The Best Wedding Reception... Ever!
Outstanding, memorable, and fun—if the wedding guests are left buzzing with delight, the happy couple probably consulted Peter Merry, a Wedding Entertainment Director, for help planning the event. Or perhaps they read this book.
Likening the wedding extravaganza to a movie production, Merry, who leads seminars for wedding planner professionals, helps couples script their perfect event. From location, timing, photographer and DJ, to choreographing the last dance and big send-off, every piece of wedding ritual is unpacked to reveal how best to reflect the couple’s unique preferences and enhance the entertainment value for their guests.

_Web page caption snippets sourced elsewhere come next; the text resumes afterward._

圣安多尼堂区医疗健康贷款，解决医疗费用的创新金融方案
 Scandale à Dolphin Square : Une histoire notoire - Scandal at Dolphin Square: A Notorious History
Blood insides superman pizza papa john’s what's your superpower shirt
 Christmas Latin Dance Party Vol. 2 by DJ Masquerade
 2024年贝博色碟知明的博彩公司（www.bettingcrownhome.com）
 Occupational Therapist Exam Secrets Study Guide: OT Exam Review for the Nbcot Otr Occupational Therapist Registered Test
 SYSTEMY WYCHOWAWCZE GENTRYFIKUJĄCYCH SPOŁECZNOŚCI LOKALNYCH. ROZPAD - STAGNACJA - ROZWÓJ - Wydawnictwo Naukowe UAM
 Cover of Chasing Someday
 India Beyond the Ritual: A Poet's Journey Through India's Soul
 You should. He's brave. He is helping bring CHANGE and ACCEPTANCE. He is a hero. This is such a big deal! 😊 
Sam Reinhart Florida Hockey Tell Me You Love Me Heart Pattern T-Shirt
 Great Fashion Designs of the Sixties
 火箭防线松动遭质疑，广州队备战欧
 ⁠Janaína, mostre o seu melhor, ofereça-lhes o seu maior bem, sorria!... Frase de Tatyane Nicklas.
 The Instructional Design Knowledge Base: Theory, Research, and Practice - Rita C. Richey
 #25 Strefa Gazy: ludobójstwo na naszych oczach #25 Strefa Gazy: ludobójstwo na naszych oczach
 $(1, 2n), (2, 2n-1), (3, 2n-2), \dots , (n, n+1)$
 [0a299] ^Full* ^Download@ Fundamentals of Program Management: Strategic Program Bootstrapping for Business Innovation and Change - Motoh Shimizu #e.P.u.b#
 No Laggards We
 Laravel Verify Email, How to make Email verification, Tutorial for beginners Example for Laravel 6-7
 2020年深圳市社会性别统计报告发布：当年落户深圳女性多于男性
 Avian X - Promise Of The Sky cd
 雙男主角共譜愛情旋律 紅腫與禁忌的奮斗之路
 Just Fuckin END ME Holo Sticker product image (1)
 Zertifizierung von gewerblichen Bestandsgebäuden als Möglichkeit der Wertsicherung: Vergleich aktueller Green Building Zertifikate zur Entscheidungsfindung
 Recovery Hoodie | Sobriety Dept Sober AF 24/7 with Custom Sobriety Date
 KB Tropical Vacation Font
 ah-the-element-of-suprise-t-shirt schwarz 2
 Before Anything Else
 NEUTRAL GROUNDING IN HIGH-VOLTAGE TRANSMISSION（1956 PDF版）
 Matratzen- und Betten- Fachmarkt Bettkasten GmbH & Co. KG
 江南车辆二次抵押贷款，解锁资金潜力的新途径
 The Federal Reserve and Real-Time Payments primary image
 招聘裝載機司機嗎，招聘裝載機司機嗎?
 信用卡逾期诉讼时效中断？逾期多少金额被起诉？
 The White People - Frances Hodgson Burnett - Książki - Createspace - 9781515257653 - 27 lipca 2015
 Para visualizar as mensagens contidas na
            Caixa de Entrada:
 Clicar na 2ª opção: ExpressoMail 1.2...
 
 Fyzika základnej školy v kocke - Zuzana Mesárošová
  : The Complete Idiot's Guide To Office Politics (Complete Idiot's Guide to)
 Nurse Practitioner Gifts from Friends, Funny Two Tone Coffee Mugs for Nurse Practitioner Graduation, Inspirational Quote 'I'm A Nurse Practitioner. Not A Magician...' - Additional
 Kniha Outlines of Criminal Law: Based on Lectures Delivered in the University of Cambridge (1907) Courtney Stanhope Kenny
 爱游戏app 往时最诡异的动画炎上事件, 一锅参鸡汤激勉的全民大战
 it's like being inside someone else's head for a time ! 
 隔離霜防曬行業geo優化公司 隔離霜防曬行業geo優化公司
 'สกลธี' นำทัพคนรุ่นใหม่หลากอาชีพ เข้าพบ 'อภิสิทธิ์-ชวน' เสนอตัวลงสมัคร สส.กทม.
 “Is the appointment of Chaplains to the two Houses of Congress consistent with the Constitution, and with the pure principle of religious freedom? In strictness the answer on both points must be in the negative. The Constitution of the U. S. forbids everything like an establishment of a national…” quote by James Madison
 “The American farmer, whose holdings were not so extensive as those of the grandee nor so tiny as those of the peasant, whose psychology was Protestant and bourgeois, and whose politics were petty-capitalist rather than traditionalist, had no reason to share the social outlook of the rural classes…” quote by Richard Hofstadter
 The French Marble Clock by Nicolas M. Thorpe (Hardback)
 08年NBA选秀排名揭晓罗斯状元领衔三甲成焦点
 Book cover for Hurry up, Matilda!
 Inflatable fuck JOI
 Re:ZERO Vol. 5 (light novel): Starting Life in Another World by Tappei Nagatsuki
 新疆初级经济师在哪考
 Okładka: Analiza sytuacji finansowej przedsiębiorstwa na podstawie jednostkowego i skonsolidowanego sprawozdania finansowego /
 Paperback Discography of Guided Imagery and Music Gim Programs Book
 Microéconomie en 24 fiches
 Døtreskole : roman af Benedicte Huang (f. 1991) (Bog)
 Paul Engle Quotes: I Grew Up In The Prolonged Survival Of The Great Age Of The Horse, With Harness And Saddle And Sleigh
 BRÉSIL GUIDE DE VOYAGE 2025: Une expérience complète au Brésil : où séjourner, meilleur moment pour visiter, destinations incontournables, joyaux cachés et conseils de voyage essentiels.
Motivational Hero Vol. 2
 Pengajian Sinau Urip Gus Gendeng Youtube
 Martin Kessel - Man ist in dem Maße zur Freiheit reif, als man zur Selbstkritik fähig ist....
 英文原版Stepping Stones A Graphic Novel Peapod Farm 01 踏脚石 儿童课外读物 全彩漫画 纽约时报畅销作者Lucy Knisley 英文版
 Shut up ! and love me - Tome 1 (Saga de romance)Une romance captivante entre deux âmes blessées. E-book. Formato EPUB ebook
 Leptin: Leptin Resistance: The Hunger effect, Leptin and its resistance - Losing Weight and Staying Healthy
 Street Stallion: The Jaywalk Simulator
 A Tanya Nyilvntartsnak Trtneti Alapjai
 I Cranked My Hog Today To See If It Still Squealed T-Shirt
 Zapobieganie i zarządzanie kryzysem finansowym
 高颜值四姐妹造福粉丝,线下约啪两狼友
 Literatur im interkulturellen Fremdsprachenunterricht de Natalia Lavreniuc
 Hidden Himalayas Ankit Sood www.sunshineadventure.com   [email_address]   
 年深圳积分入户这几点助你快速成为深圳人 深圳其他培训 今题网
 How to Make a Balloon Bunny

This idea-book in three parts is packed with inspiring examples, memorable missteps like “The iPod Wedding,” and nitty-gritty practicalities.
Part One, or “Beginning Your Production,” maps out preliminaries using movie-making metaphors like “producer,” “director,” “cinematographer,” and includes questions to ask various vendors. Charts show scheduling pros and cons including consideration of holidays and sports events.
Part Two, entitled “Creating Your Timeline,” provides the foundation “if your definition of a successful reception calls for the fun moments to be the focus and priority.” One couple’s fun, of course, may be no fun for the next, so selecting how to handle (or even include) the usual wedding reception rituals in a way that satisfies an individual couple’s preferences becomes part of a couple’s event script. Merry also recommends a backup plan for the event.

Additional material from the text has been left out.